Die Tür war verschlossen, also beschloss ich, meine Hose auszuziehen und meinem schmerzenden Schwanz die Freiheit zu geben, die er brauchte.

Nippel waren köstlich!

Ich leckte eine Brust mehr als die andere, meine Sauggeräusche waren in meinem Büro zu hören und ich schnappte nach Luft.

Ich streckte die Hand aus und tätschelte mich selbst, während ich daran saugte, aber sanft streichelte, da ich meine verbleibende Stunde nicht verschwenden wollte.

Nach etwa 5 Minuten hatte ich genug von ihren kleinen jungen Brüsten und wollte diese Beine sehen.

Ich packte den Saum ihrer Yogahose und zog sie und verdammt noch mal, wenn das Mädchen nicht einmal ein Höschen trug.

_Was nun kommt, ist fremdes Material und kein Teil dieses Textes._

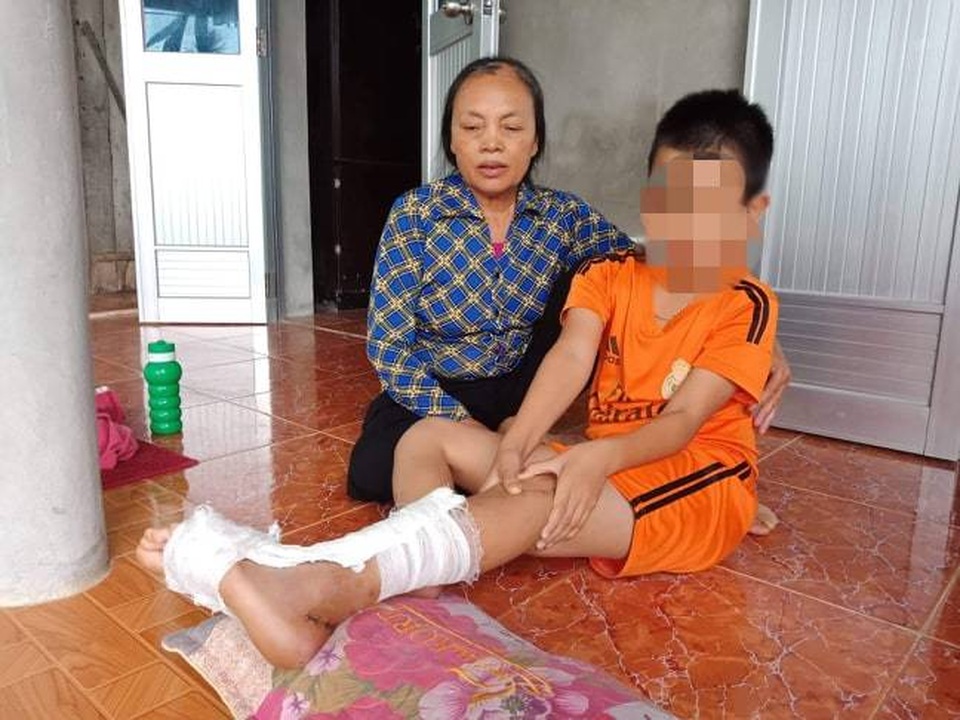 Học sinh bị đứt gân trong giờ học, hiệu trưởng nói “Chuyện có gì lớn mà làm ầm lên” - 1 Học sinh bị đứt gân trong giờ học, hiệu trưởng nói “Chuyện có gì lớn mà làm ầm lên” - 1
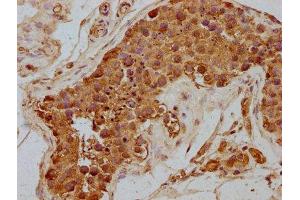 IHC image of ABIN7168473 diluted at 1:300 and staining in paraffin-embedded human testis tissue performed on a Leica BondTM system. (Rubicon antibody  (AA 518-733))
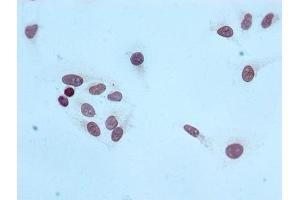 Immunocytochemistry analysis of ABIN7127312 diluted at 1:100 and staining in Hela cells performed on a Leica BondTM system. (Recombinant HIST1H4A antibody  (3meLys20))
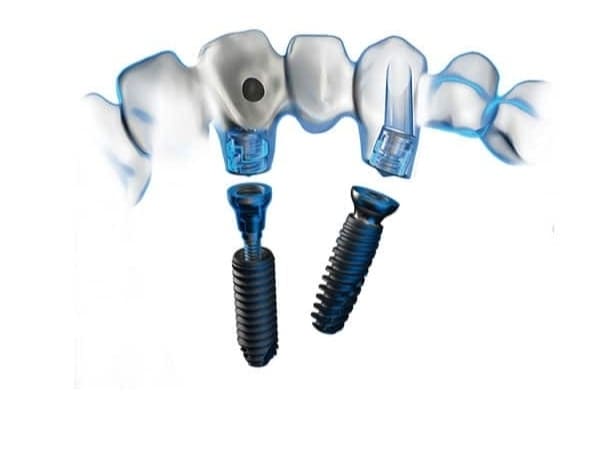 Медентис имплантация зубов имплантаты Антожир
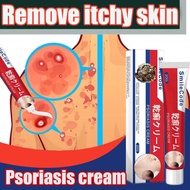 Ekzema Psoriasis Kurap Gatal Kulit Ubat Krim Herba Cina Eczema Psoriasis Beriberi Fungus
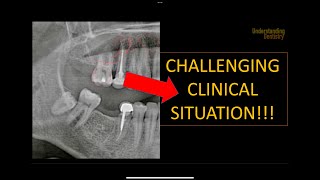 How to solve this clinical case OPG interpretation radiology radiographic interpretation x ray [upl. by Bergman325]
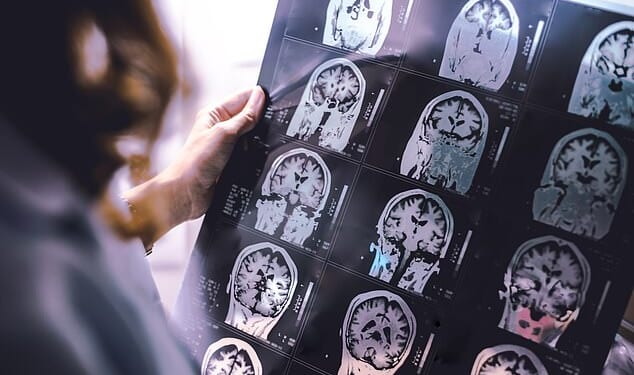 British researchers say a cure for Alzheimer'sdisease could one day be possible, with experts suggesting truly life-changing treatments may emerge within the next five to ten years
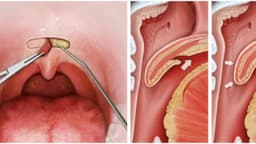 Phẫu thuật chỉnh hình màn hầu lưỡi gà (UPPP) là giải pháp toàn diện cho chứng ngưng thở khi ngủ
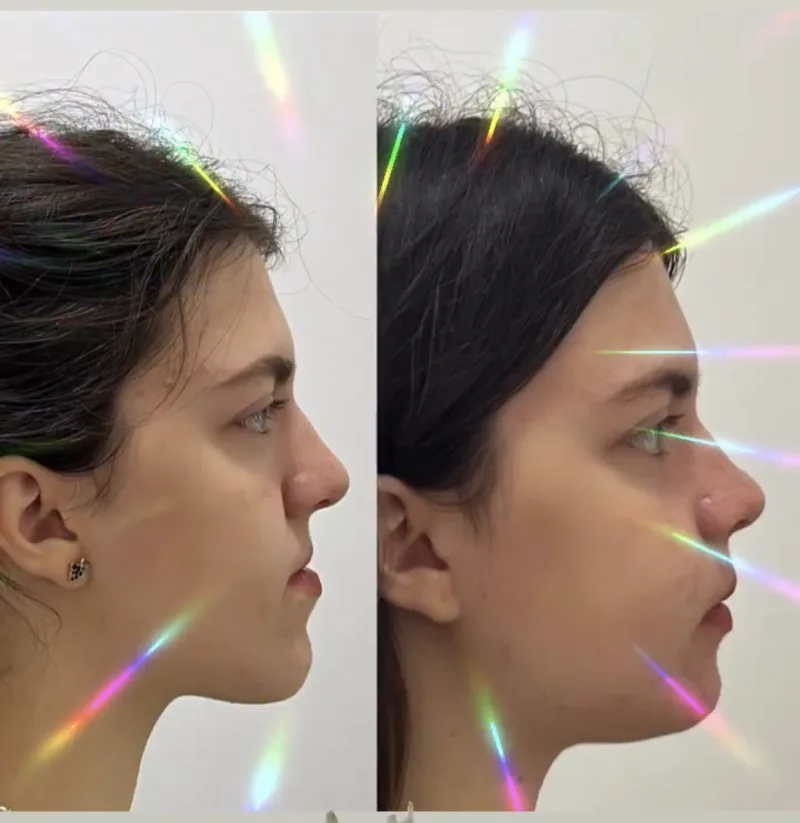 Alanya HEALTHY TEETH Dental Aesthetic — Léky v Alanyi: Online objednávka, ceny a recenze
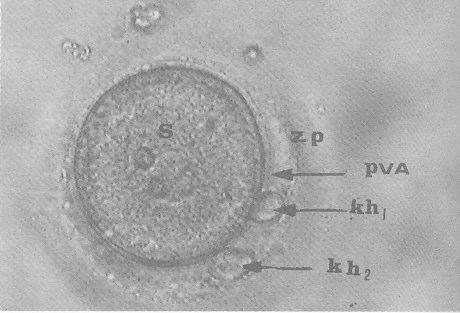 (a) Olgun (MII) oositin mikrografýdýr. Germinal vezikül yýkýlmýþtýr. 1. kutup hücresi (KH1) net olarak seçilmektedir.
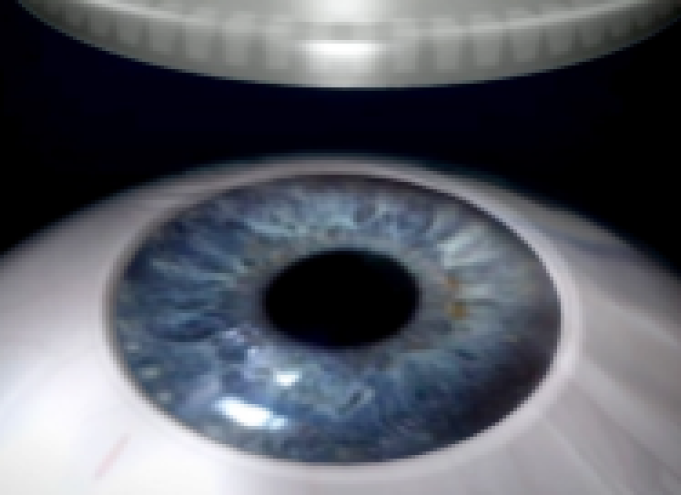 비쥬맥스라식 수술방법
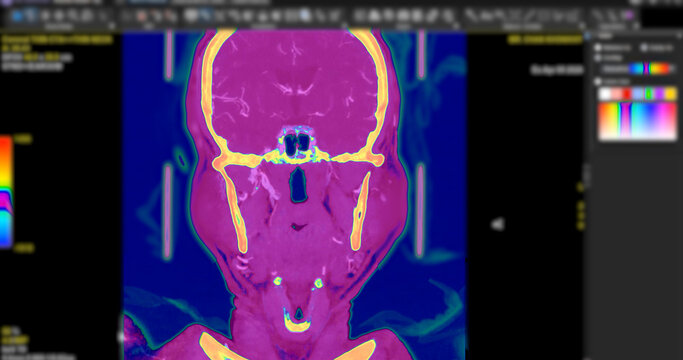 High-resolution Computed Tomography Angiography (CTA) scan showcasing the human brain and carotid arteries in the neck. Essential for diagnosing stroke, stenosis, and vascular health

Während ihre Brüste genauso gebräunt waren wie der Rest von ihr, war die Kontur ihres Bikiniunterteils sehr ausgeprägt, ihre blasse Haut unterschied sich stark von ihrem gebräunten Bauch und ihren gebräunten Beinen.

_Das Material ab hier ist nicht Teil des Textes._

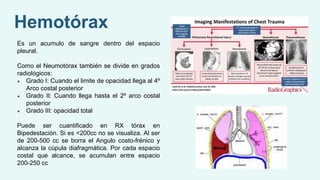 Es un acumulo de sangre dentro del espacio
pleural.
Como el Neumotórax también se divide en grados
radiológicos:
● Grado I: Cuando el limite de opacidad llega al 4º
Arco costal posterior
● Grado II: Cuando llega hasta el 2º arco costal
posterior
● Grado III: opacidad total
Puede ser cuantificado en RX tórax en
Bipedestación. Si es <200cc no se visualiza. Al ser
de 200-500 cc se borra el Angulo costo-frénico y
alcanza la cúpula diafragmática. Por cada espacio
costal que alcance, se acumulan entre espacio
200-250 cc
Hemotórax
 
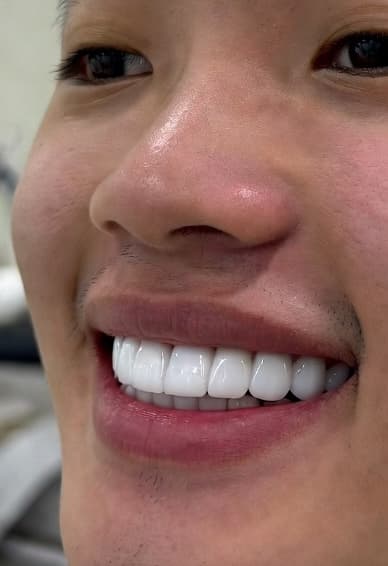 Full Smile Makeover - After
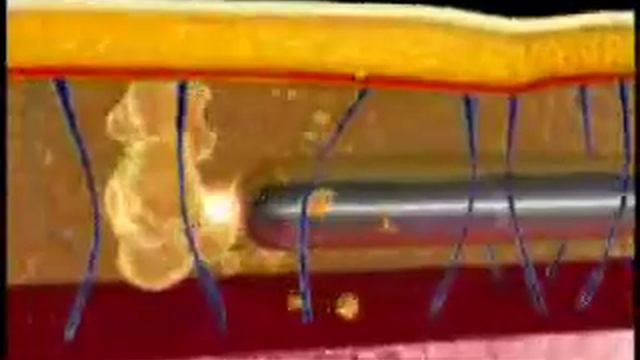 Laser FOTONA Lipoescultura 1 смотреть онлайн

Ich rollte sie zur Seite und stützte sie, während ich auf ihren gebräunten Hintern schaute.

Ich rieb meine Wange und ich leckte und saugte endlich näher.

Mein Kopf pochte zu diesem Zeitpunkt ein wenig, mein Herz raste, um meiner Wut zu entsprechen.

Ich lehnte mich zurück und starrte auf ihr feines, manikürtes Schamhaar.

Es war V-förmig und stoppte, bevor die Katze ihre Lippen berührte.

Ich hatte erwartet, dass ihre Schamlippen für all die verdammten Dinge, über die sie sprach, hervorstehen würden, aber das war es nicht, ihre Muschi war eng und geformt wie die Nase eines Kamels.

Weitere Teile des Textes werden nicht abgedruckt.